Hey, Classmates.com: VERY Not Cool!
Tuesday, January 31st, 2012I received an email this morning from Classmates.com informing me that my high school yearbook had been scanned and placed online.
“Preview this Garden City High School yearbook—for free!” the email exclaimed. “Memory Lane has the world’s largest collection of digitized yearbooks—covering more than 30 million people—with thousands of new books added weekly.”
Pretty cool, I thought. After all, I was the editor of my high school yearbook (don’t even get me started on why the portraits suck so bad; it’s a long story and a sore point to this day), so a stroll down Memory Lane with my morning coffee sounded like a good idea.
DANGER, WILL ROBINSON: The first page I viewed had handwriting on it.

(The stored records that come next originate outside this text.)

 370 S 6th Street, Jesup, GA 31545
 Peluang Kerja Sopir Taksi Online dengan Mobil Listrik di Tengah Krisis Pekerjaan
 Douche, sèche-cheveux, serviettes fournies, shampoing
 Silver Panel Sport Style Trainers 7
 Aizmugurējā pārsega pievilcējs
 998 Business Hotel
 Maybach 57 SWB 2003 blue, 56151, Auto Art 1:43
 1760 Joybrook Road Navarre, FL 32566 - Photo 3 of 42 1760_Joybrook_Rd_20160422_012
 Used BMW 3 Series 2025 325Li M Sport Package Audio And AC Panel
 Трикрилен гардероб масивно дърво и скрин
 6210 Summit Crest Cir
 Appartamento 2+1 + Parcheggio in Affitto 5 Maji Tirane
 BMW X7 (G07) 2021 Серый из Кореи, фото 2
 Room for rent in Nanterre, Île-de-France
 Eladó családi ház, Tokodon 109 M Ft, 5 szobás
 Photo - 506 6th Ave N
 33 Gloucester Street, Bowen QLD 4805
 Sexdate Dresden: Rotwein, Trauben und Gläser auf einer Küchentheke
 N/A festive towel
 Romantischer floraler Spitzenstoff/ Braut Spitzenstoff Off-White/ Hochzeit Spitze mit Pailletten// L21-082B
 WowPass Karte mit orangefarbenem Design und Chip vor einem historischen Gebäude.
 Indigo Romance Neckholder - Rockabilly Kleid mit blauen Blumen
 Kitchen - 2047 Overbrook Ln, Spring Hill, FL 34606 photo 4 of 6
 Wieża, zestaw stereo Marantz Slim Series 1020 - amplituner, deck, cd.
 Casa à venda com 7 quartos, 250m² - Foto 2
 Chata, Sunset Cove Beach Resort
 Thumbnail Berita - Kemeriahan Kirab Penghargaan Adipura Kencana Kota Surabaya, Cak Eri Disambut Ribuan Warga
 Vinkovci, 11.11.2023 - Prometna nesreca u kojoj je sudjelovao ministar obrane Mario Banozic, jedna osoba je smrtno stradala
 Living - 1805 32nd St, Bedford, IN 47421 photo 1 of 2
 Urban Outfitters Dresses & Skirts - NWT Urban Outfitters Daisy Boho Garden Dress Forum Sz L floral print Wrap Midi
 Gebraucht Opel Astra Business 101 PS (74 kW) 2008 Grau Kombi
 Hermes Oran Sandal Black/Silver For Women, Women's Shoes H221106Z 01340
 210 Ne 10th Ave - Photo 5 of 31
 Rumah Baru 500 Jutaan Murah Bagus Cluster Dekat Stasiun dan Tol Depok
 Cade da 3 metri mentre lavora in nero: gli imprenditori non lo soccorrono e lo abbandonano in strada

So did the second. Not only is Classmates.com scanning yearbooks, they’re scanning yearbooks that have had personal messages inscribed in them.
Not good.
It’s bad enough that people’s high school hair and eyeglasses are being scanned and placed online, but those personal messages are—well, personal. Of course, it would be no problem if Classmates.com received permission from everyone who wrote those messages to scan and post them for the world to see, but obviously they didn’t.
And when 30 million people and thousands of new books added weekly are involved, you can bet there’s some profoundly embarrassing material in those inscriptions.
Oh, and by the way: We’re talking about minors, too.
Prediction: It’s only a matter of time before Classmates.com gets sued for this. If I were in their shoes, I’d seriously rethink this yearbook-scanning strategy. Meanwhile, I’m glad it’s the Garden City High School drama teacher and not my prom date who sold their yearbook to Classmates.com.